Here’s a sobering thought: Fifteen years ago, the six largest banks in the United States produced 17 percent of country’s Gross Domestic Product (GDP); today, the six biggest banks produce 63 percent of GDP. That means that these six banks (Bank of America , JP Morgan Chase, Citigroup, Wells Fargo, Goldman Sachs, and Morgan Stanley) produce nearly two-thirds of the finished goods and services in the U.S. More than our waning manufacturing industry plus all of our software or music or film or any industry that you think of as substantial, combined.

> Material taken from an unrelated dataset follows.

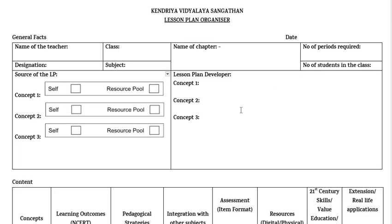The next component is Source of the Lesson Plan. If the Lesson Plan is created by the teacher, we have to tick Self. If the Lesson Plan is taken from Sri Aurobindo Resource Bank, we have to tick Resource Pool and extract the required details from it. If the Lesson Plan is self-created or developed by a peer, use the information from that plan accordingly.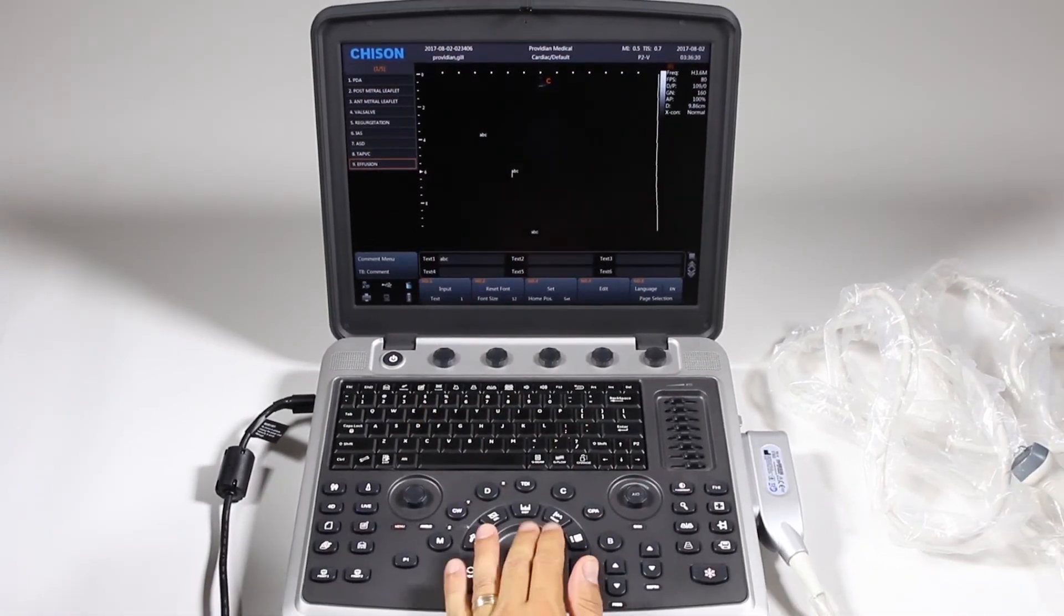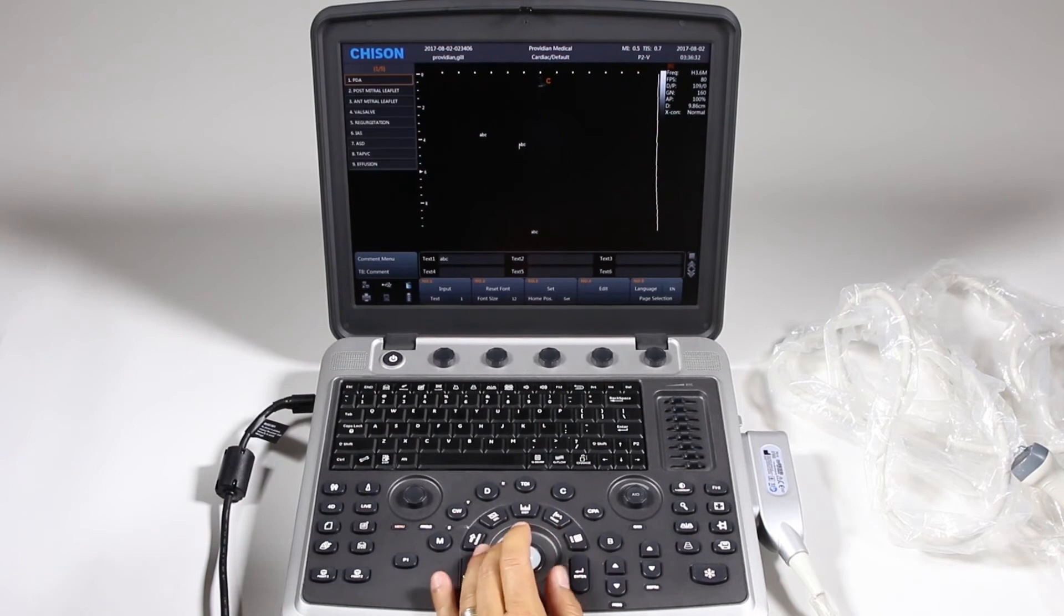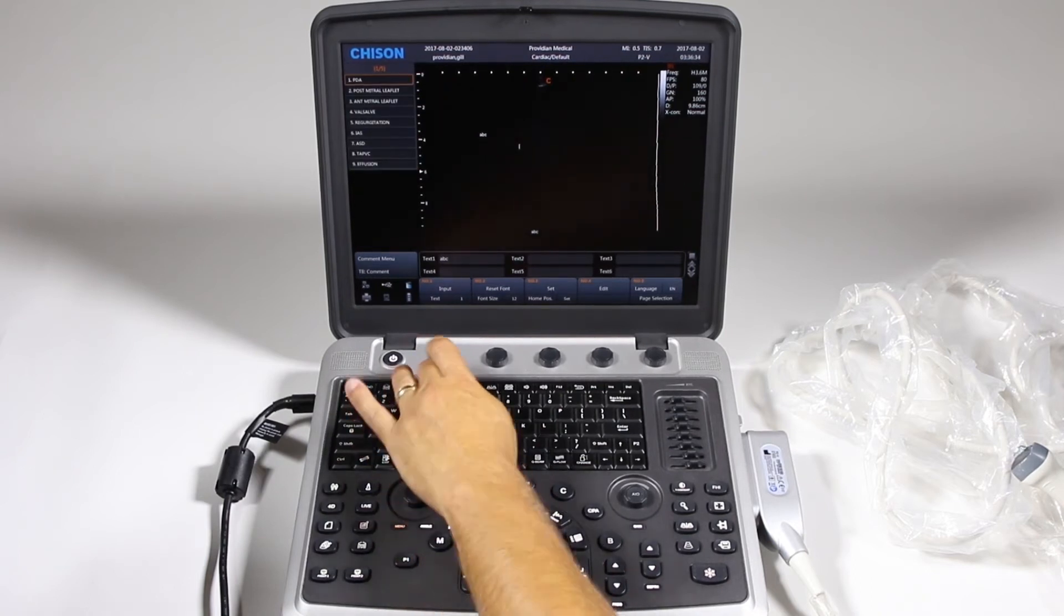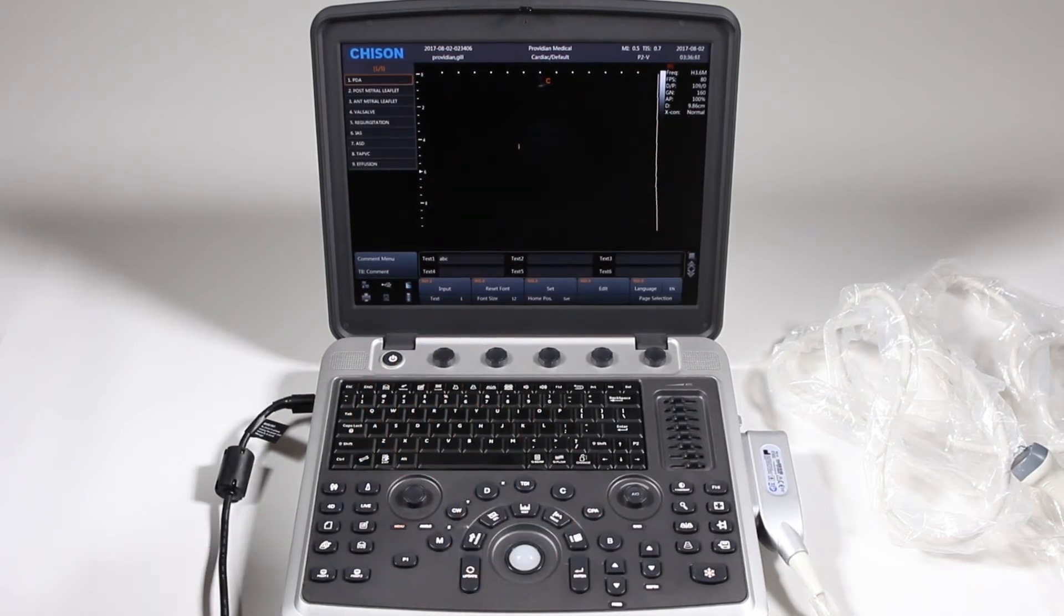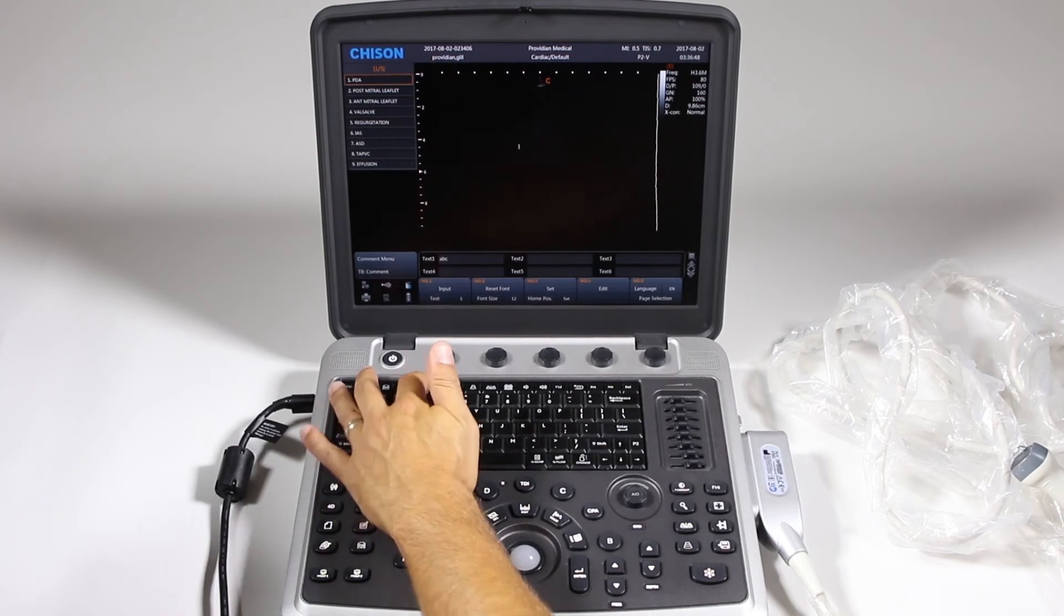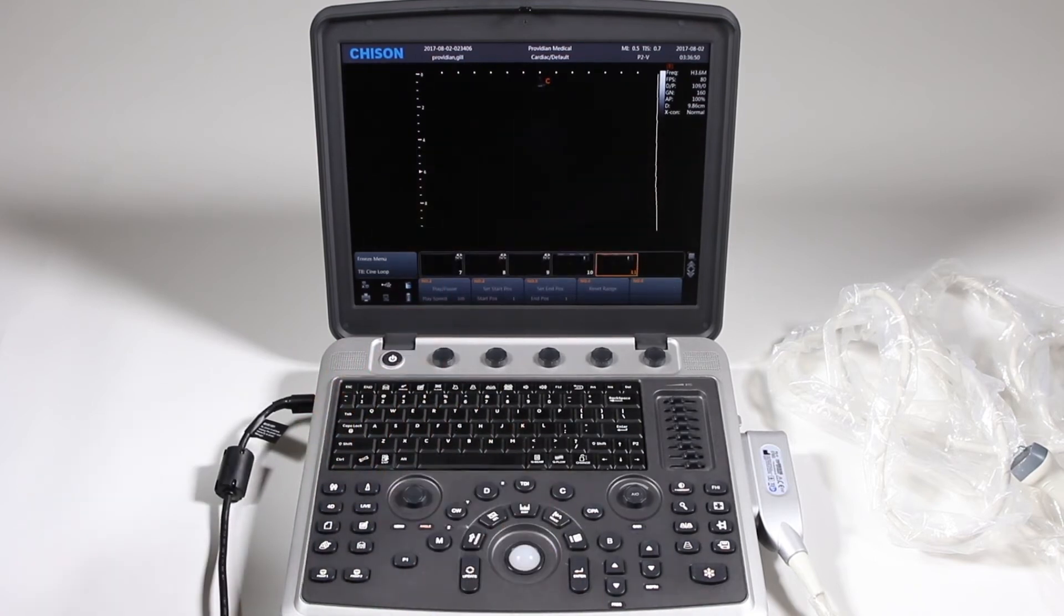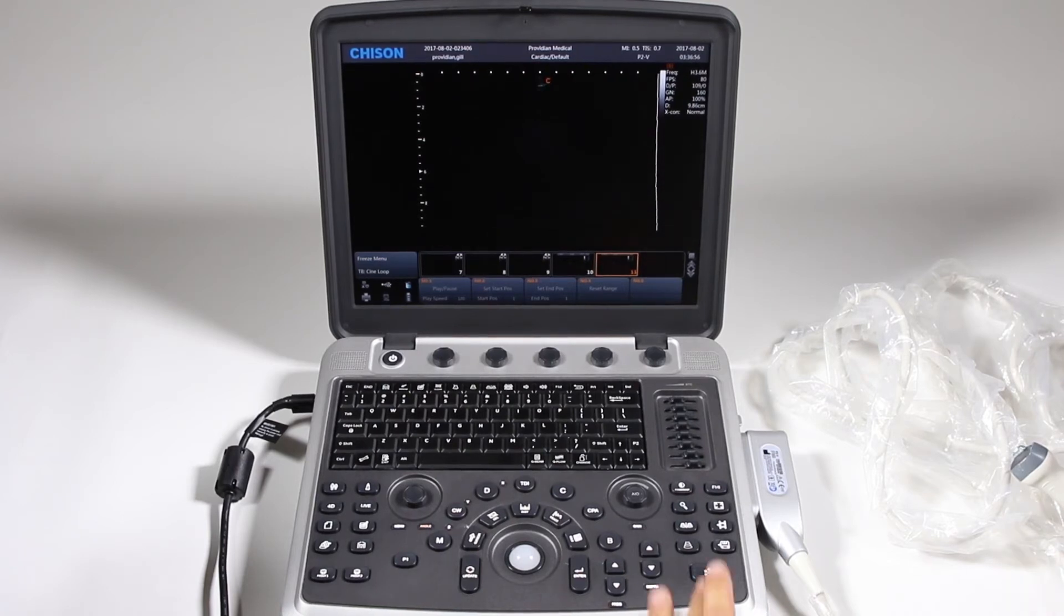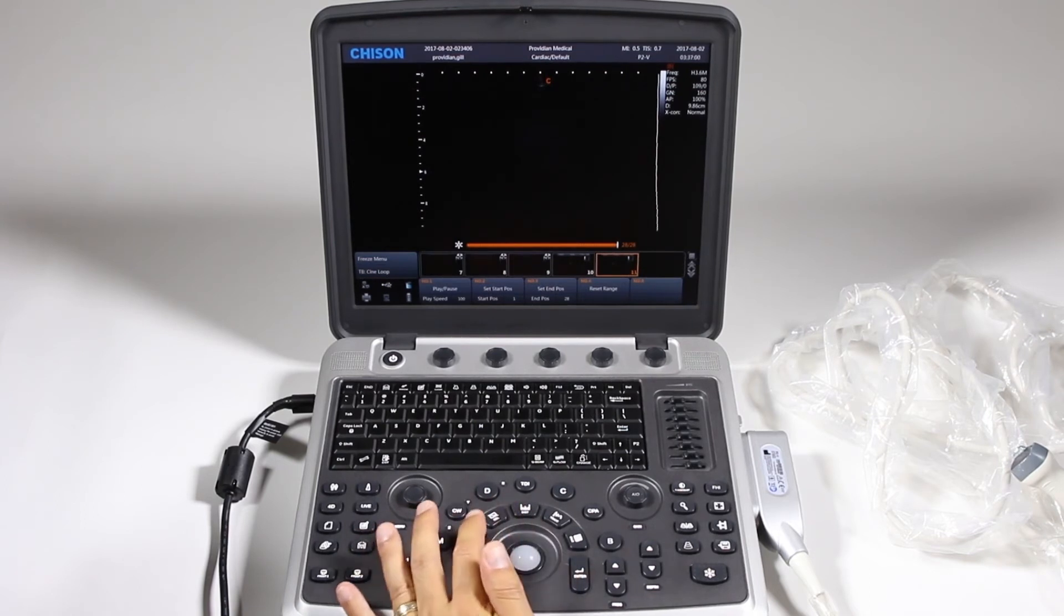And those are there on screen. Again, if you want to move them, put them there, delete or clear. Let's go to measurements real quick. I'm just going to click on the comments again to get rid of that. Now just in a regular imaging mode, I'm in cardiac right now and let's say I've just got my image frozen and I want to take some measurements.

What caused this exponential explosion of bank profits? During the Clinton Administration, bank regulations, which had been in place since 1933 (to curtail abuses that led to the Great Depression), were rescinded. This opened the barn door and allowed mega bankers to freely roam, eating up smaller banks, developing synthetic (meaning they really are nothing but a bet) investment products, drastically reducing the amount of capital required to ensure bank ‘stability’, and evolving into institutions with questionable financial practices. As we learned during the Goldman Sachs’ hearings before the Senate Subcommittee on Investigations, substantial profits resulted from risky bets made using esoteric financial products.
Major banks with investment divisions sold overvalued investment products to customers, knowing they would plunge in value. Simultaneously, they bought the same products ‘short’, which means they were betting on their failure, while selling these products as if they were reputable and reliable investments.
These financial institutions went blithely forth, leaving mayhem from their customers in their wake. They seemed to hold no regard for the pension funds, college accounts, and other critical investments they wiped out. It appears that a greed culture developed in this largely unregulated banking environment. The behemoth banks, and peripheral enterprises, engaged in practices that financially gouged businesses and consumers. Their actions demonstrated they need to be reined in and governed by sound financial principles.
When the federal government bailed out the big banks in 2008, they accepted billions of dollars. Instead of using that money to invest in small businesses and make loans to consumers in communities around the country, as the Bush Administration promised they would, the banks primarily hoarded the cash or used it to further increase the size of their institutions through acquisitions of smaller banks. Simultaneously, numerous viable businesses with superior credit folded or shrunk in size because their banks cut off their lines of credit, which they depended on to buy inventory and for other essential operating expenses. As a qualified borrower, you probably don’t want the nation’s major financial institutions to hold the power to dictate your financial solvency by cutting off your access to funds, when your performance has been exemplary. That is what banks did, and can do, today.
The Restoring American Financial Stability Act of 2010, has received much biased publicity. Of course, the legislation is not perfect. There are no perfect bills because the process of making laws involves compromise among legislators with disparate views. Now that the Republicans have allowed the bill to move to the Senate Floor for debate and to add amendments, it will change significantly. No one knows what regulations will be included in the final bill. If you’re interested, the Library of Congress keeps the most up-to-date versions. However, they constantly change the URLs for their pages so you’ll need to enter the name of the bill in the search box. When the page opens, click on the box labeled Text of Legislation to read the document. Like most major bills, it’s a tome. After it passes the Senate, it will go to a Conference Committee, which will include Members from the House and the Senate. They will hammer out differences between House and Senate versions, and more compromises will occur as a final version of the legislation is honed.
The bill that reports out of the Conference Committee will not be stringent enough for some of us, who had a close-up view of egregious practices in the mortgage industry. We know banks should never be permitted to offer mortgage brokers a commission rate that is three times the normal loan commission for products that carry the greatest risk for borrowers. The country faces the prospect of millions more foreclosures during the next two years. Many of these are the direct result of unscrupulous banking practices.
Some will think any restrictions are too much. They preach: Let the market ‘fix’ itself. How na?ve to believe the banks that led us to the brink of a severe depression will magnanimously forgo billions to ‘fix’ the problems. A recent ABC News poll indicates that two-thirds of the country backs financial industry reform. When we look at the widespread devastation wrought as a result of banking practices, strong support makes sense.